Jason privilégie une stratégie « défensive + long terme ». Il indique qu’il préfère utiliser l’or plutôt que le dollar comme outil de gestion de trésorerie pour couvrir le risque fiduciaire. En actifs numériques, il concentre la majorité de ses positions sur BTC et ETH, mais reste prudent sur ETH. Il privilégie des actifs à forte certitude, comme la monnaie dure (BTC) et les actions d’échanges (Upbit).

CryptoPainter suit strictement la règle « au moins 50 % en cash », avec une allocation principale en BTC et ETH, et moins de 10 % en altcoins. Il a totalement sorti ses positions en or après 3500 dollars, sans projet d’y revenir, et utilise un effet de levier très faible pour prendre quelques positions short sur des valeurs de l’IA en bourse, où la bulle de valorisation est importante.

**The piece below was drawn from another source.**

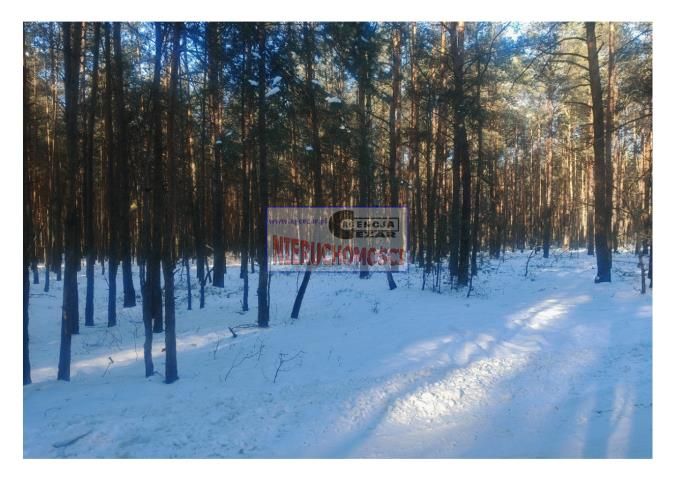 Działka leśna Tartak, Azaliowa. Zdjęcie 8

Jack Yi a une tolérance au risque plus élevée. Son fonds est presque en position pleine, mais la structure est concentrée : il mise principalement sur ETH, avec une logique de stablecoins (WLFI), et aussi sur des actifs à grande capitalisation comme BTC, BCH, BNB. La stratégie n’est pas basée sur le cycle, mais sur la conviction dans la pérennité des blockchains publiques, des stablecoins et des échanges.

À l’opposé, Bruce a presque tout liquidé, y compris BTC, qu’il a vendu autour de 110 000 dollars. Selon lui, il pourra peut-être racheter en dessous de 70 000 dollars dans deux ans. Sur le marché américain, il privilégie aussi des actions défensives ou cycliques, et prévoit de liquider la majorité de ses positions avant la Coupe du Monde l’année prochaine.

8. Faut-il acheter maintenant ?

C’est la question la plus opérationnelle. Bruce est plutôt pessimiste, estimant que le fond n’est pas encore atteint. Le vrai plancher apparaîtra lorsque « personne n’osera plus acheter en bas ».

CryptoPainter, plus prudent, pense que le meilleur moment pour acheter ou commencer un plan d’investissement périodique serait en dessous de 60 000 dollars. La logique est simple : acheter progressivement après une chute de moitié, stratégie qui a fait ses preuves à chaque cycle. Il pense que ce n’est pas encore le moment, mais qu’après 1-2 mois de consolidation, le marché pourrait tester à nouveau 100 000 dollars ou plus l’année prochaine, sans forcément atteindre de nouveaux sommets. Ensuite, avec la fin des politiques monétaires accommodantes, le marché manquera de liquidité et de nouvelles narrations, entrant dans un cycle baissier, jusqu’à ce que la politique monétaire se relance avec de nouvelles mesures d’assouplissement et de baisse de taux.

D’autres intervenants adoptent une position plus neutre ou favorable : ils pensent que ce n’est peut-être pas le moment de « faire un achat agressif », mais que c’est une fenêtre pour commencer à accumuler par étapes. Le seul consensus : ne pas utiliser de levier, éviter les opérations fréquentes, et privilégier la discipline plutôt que la spéculation.